[Stored data entries]
Content starts
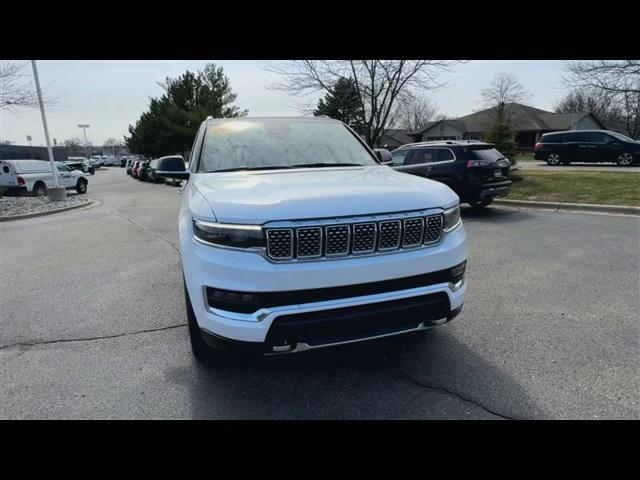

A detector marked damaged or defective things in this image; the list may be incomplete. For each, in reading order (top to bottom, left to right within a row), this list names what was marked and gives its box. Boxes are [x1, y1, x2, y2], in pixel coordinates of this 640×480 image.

crack in pavement [0, 324, 188, 350]
crack in pavement [390, 368, 520, 420]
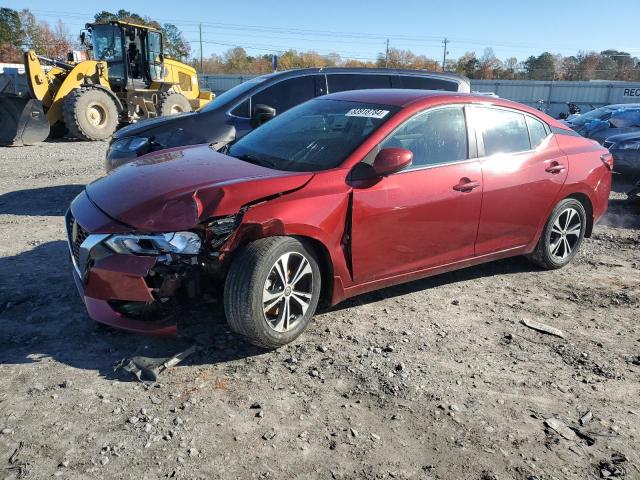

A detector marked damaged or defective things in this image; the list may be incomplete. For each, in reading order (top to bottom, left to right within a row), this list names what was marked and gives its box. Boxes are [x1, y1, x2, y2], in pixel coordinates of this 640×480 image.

crumpled hood [85, 143, 316, 232]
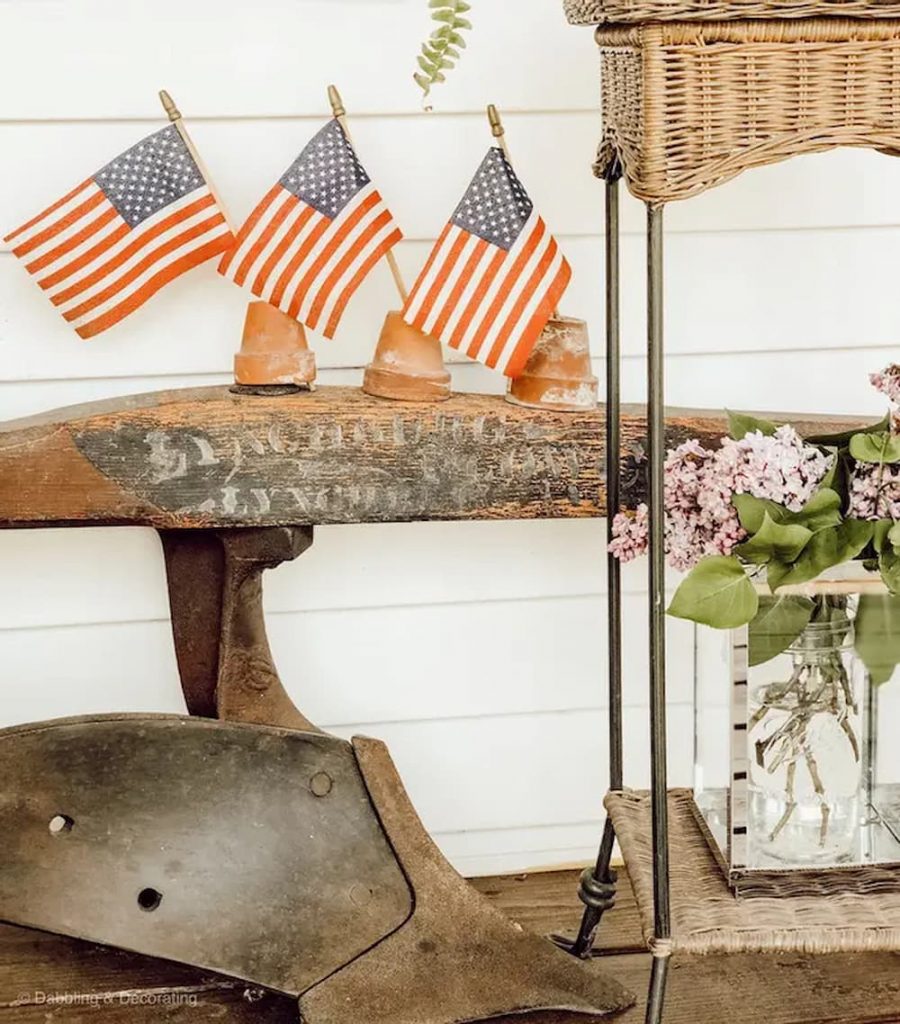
Content ends
● **YOUR INSTRUCTIONS**:
Transcribe the entries above verbatim, excluding any image.

● **ANSWER BELOW**:
A detector marked damaged or defective things in this image; the list may be incomplete. For each, in reading order (top to bottom, left to right within a row), this list names what was marked and gives its box. Boxes are [x1, y1, x2, y2], in pixel coordinates of this 640×480 image.

crack in pavement [0, 324, 188, 350]
crack in pavement [390, 368, 520, 420]

A detector marked damaged or defective things in this image; the list may be incomplete. For each, in reading order (top to bottom, left to right within a row), this list names what was marked and gives its box. Boxes are [x1, y1, x2, y2], in pixel coordinates of this 640×480 image.

crumpled hood [85, 143, 316, 232]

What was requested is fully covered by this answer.